An AI-powered computational model has finally solved why physical pressure stops tumors in their tracks—a discovery that could fundamentally reshape how cancer is treated. Researchers from the University of Galway in Ireland and KU Leuven in Belgium built the innovative system to crack a mystery that has puzzled cancer scientists for decades: cancer cells somehow ignore the body's normal growth controls, yet they cannot override something simple and mechanical.
The phenomenon has been observed in laboratories for years. Put enough physical pressure on a tumor, and its growth slows dramatically. But no one fully understood why. The answer, it turns out, lies in the basic mechanics of how cells multiply. Before a cell can divide, it must grow larger by manufacturing complex biological molecules—proteins, lipids, and other building blocks—which draw water into the cell through osmosis, inflating it like a tiny balloon. Once the cell reaches a critical size, it divides in two. This process works smoothly under normal circumstances. But when a tumor becomes physically confined by surrounding tissue pressing inward, the external mechanical load creates high hydrostatic pressure that fights directly against the osmotic swelling from inside. The result is elegant in its simplicity: cells can no longer reach the size needed to trigger division. Growth stalls.
Dr. Irish Senthilkumar, a postdoctoral researcher and lead on the study published in Proceedings of the National Academy of Sciences, explained the research's motivation. "Cancer cells are known to bypass many of the body's normal growth controls, but tumors still respond to mechanical pressure. Until now we haven't understood why this happens, so our aim was to investigate the underlying mechanics at a cellular level."
The breakthrough wouldn't have been possible without artificial intelligence. The research team developed an AI-accelerated computational model capable of running complex calculations that would have been impossibly slow to complete otherwise. The model simulates how thousands of individual cells collectively grow and reorganize under mechanical stress—essentially showing what happens when cells have no room to expand. Scientists then validated these predictions against real laboratory experiments using breast cancer spheroids, small three-dimensional clusters of cancer cells grown in culture that closely mimic how tumors behave inside the body. The predictions matched the experimental results, confirming the team had identified the genuine mechanism.
The implications stretch far beyond explaining an interesting biological process. Dr. Eóin McEvoy, senior researcher at CÚRAM and Associate Professor of Biomedical Engineering at the University of Galway, noted that "as we understand more about how cell compression and compaction affect things like drug penetration and efficacy, the work has important implications for improving drug responses and designing new mechanotherapy treatment regimens."

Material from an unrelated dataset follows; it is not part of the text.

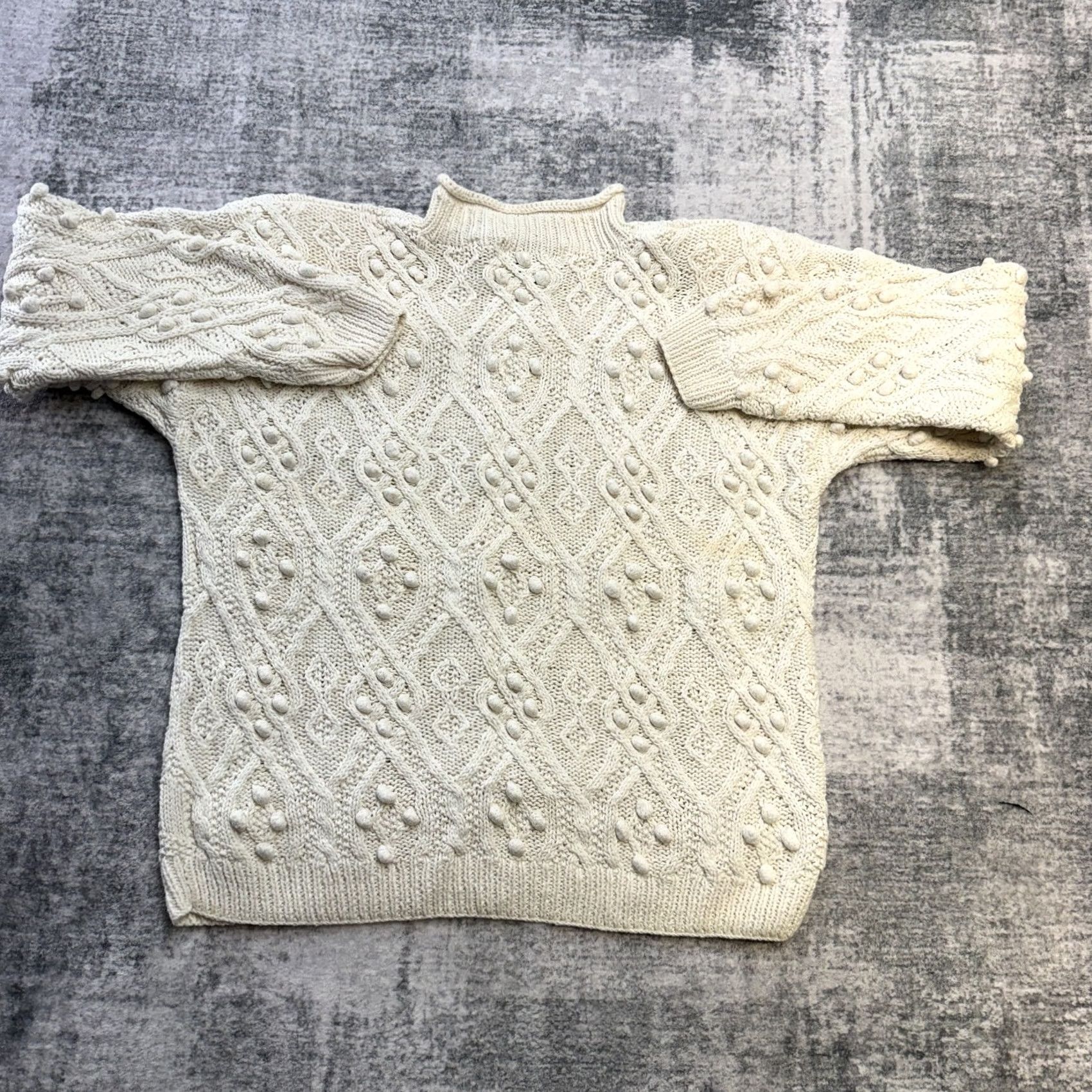 Vintage VTG Northern Isles Sweater Womens Large Ivory Mock Neck Cable Knit Pullover 90s Baggy Hair Bobbles, 90s Theme, Casual Womens Size L Size L / US 10 / IT 46 - 7 Thumbnail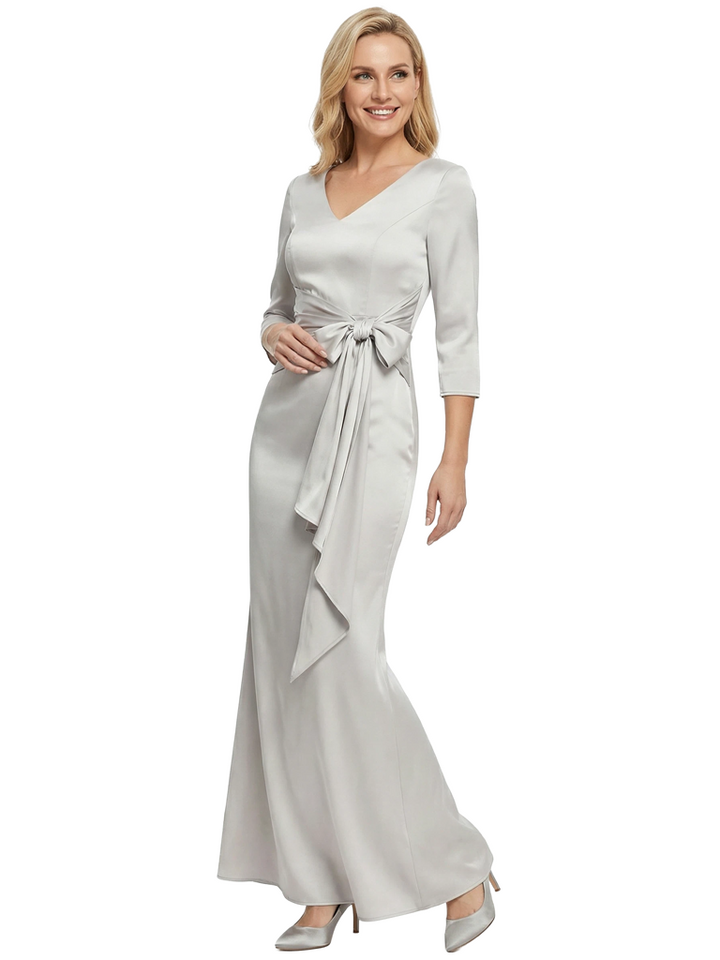Chicsew Mother of The Bride Dress Elegant V-Neck 3/4 Sleeve Satin Trumpet Maxi Gown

Many cancer drugs work by targeting cell division. If a tumor's mechanical environment is already suppressing growth, understanding that interaction could reveal why some drugs work better in certain tumor types or locations, and why others fail. This discovery opens an entirely new role for treatments known as mechanotherapies in the fight against cancer—harnessing the pressure of physical force as a therapeutic tool rather than viewing mechanical constraints as merely passive features of tumor architecture. By recognizing the physical architecture of a tumor as an active participant in the disease, researchers have unlocked a door that could lead to more targeted, effective cancer treatments.